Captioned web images
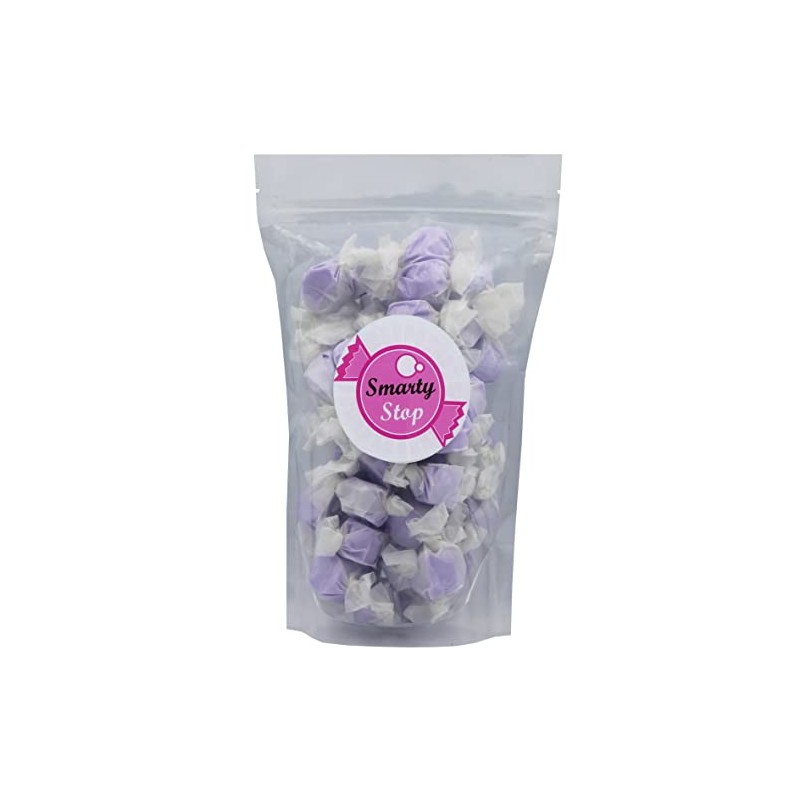 Smarty Stop Salt Water Taffy All Color (Purple Grape, 3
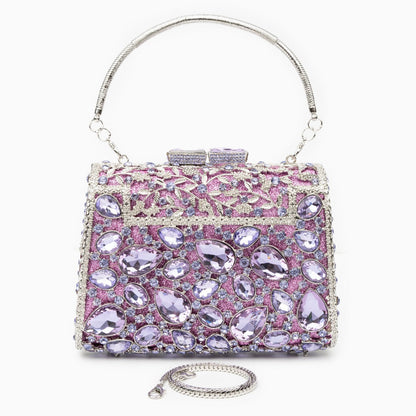 Tiffany Crystal Evening Bag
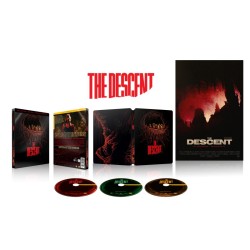 THE DESCENT (2005) - 4K UHD...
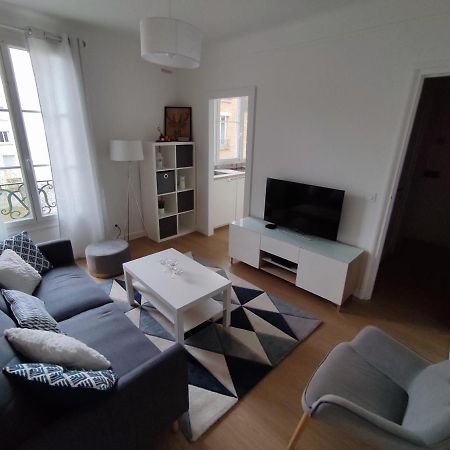 Logement entier:Asnières sur Seine  Esterno foto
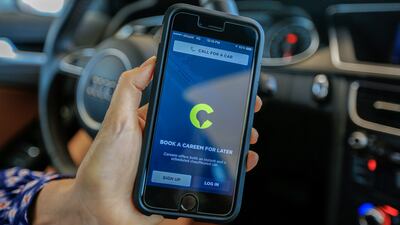 Saudi Telecom and Japanese e-commerce giant Rakuten were named as major investors in Careem. Victor Besa for The National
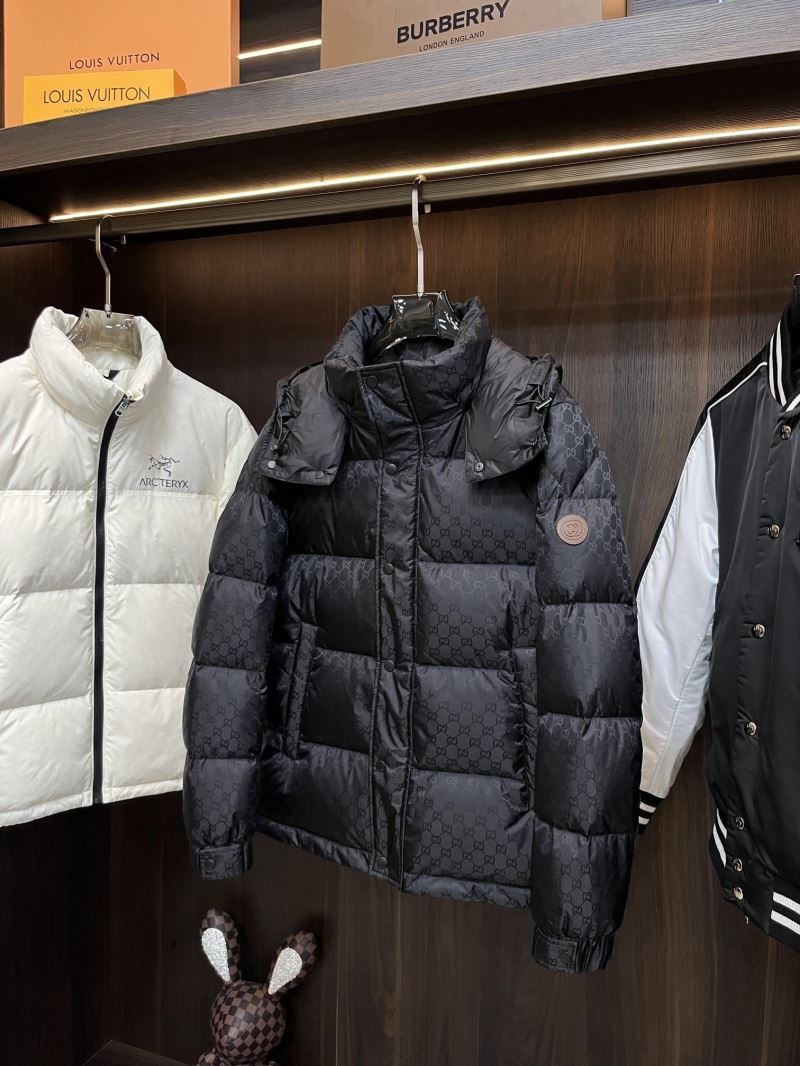 Gucci Down Jackets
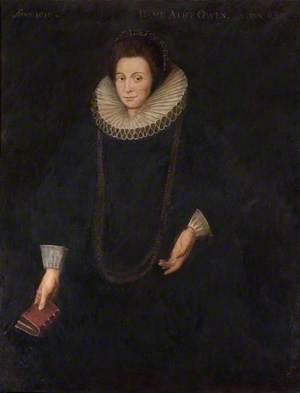 Dame Alice Owen (1547–1613)
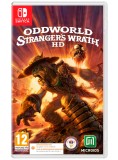 Oddworld Strangers Wrath Code In Box NSW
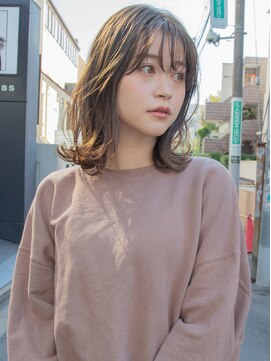 アフロート ギンザ(AFLOAT GINZA) 【白川style】20代30代40代小顔カット大人かわいいくびれモテ髪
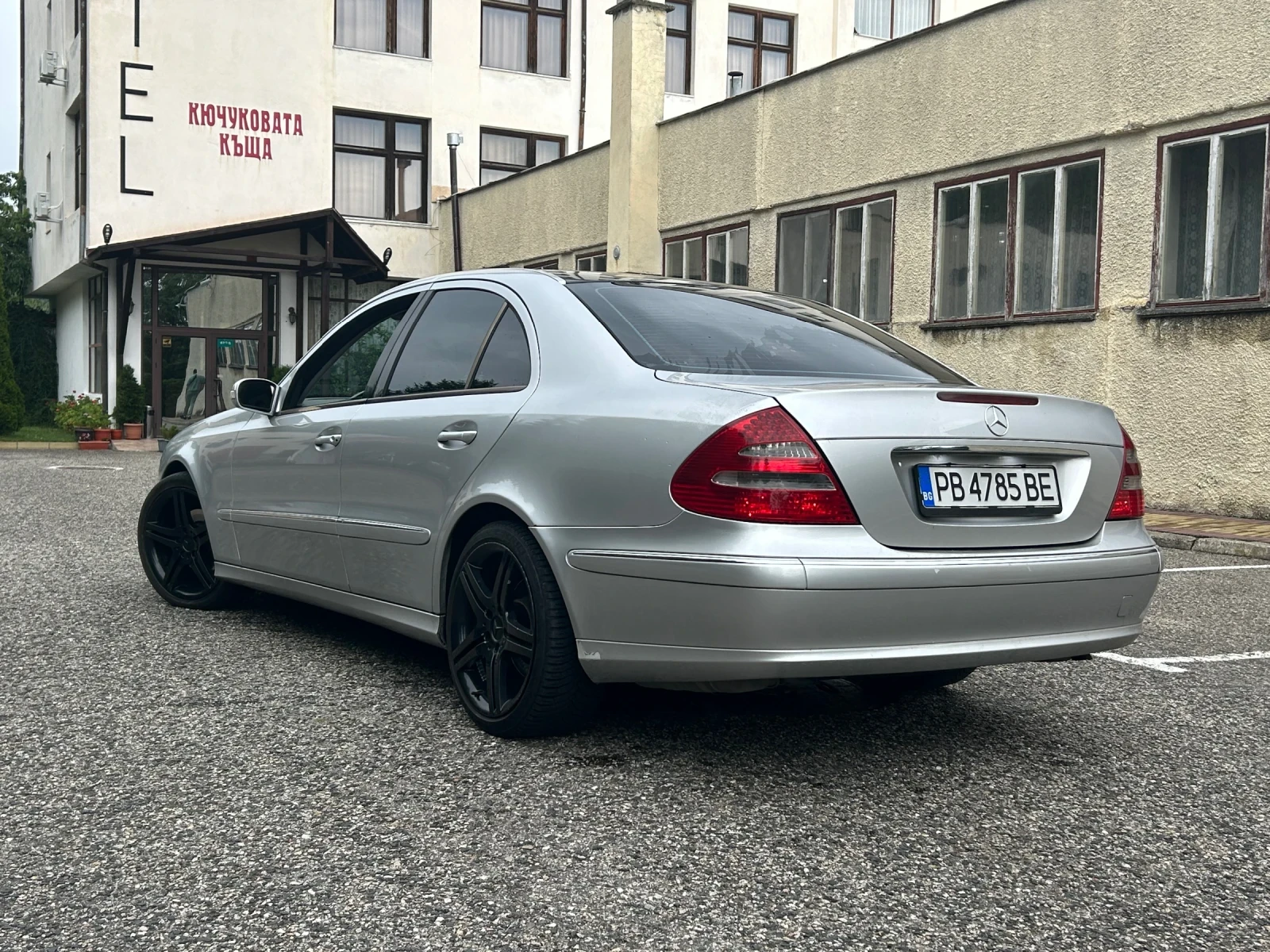 Mercedes-Benz E 320 | Mobile.bg � ����������� 6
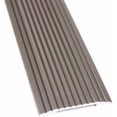 thumbnail image 1 of M-D Building Products Solid Aluminum Pewter - 1-1/4" x 72" — Residential Use, Standard Application, 1 of 5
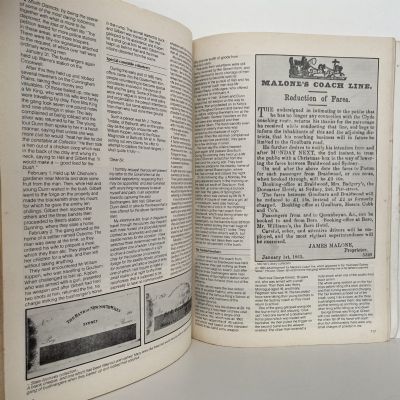 THE SANDY CREEK BUSHRANGER: A Definitive History of Ben Hall, His Gang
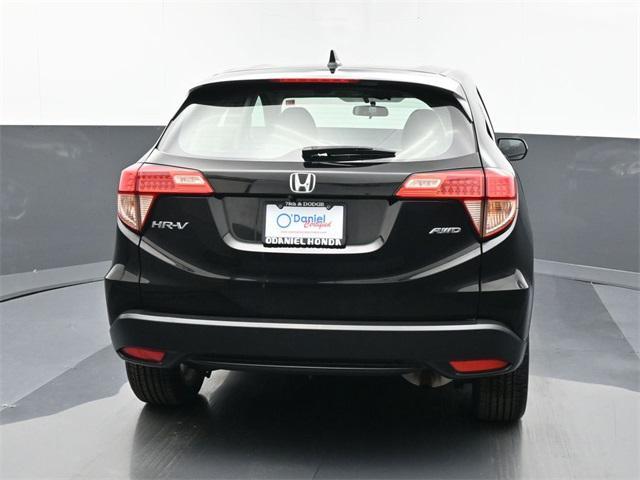 used 2017 Honda HR-V car, priced at $16,000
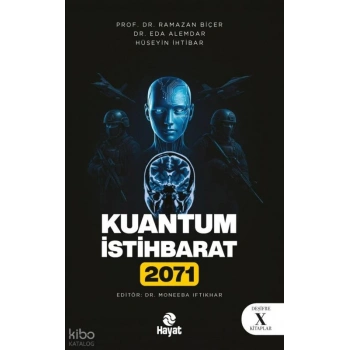 Kuantum İstihbarat 2071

● What to produce: Skip every picture. Repeat word for word the lines from the line holding "アフロート ギンザ(AFLOAT GINZA) 【白川style】20代30代40代小顔カット大人かわいいくびれモテ髪" through the end of the entries above.

● Written solution:
 アフロート ギンザ(AFLOAT GINZA) 【白川style】20代30代40代小顔カット大人かわいいくびれモテ髪
 Mercedes-Benz E 320 | Mobile.bg � ����������� 6
 thumbnail image 1 of M-D Building Products Solid Aluminum Pewter - 1-1/4" x 72" — Residential Use, Standard Application, 1 of 5
 THE SANDY CREEK BUSHRANGER: A Definitive History of Ben Hall, His Gang
 used 2017 Honda HR-V car, priced at $16,000
 Kuantum İstihbarat 2071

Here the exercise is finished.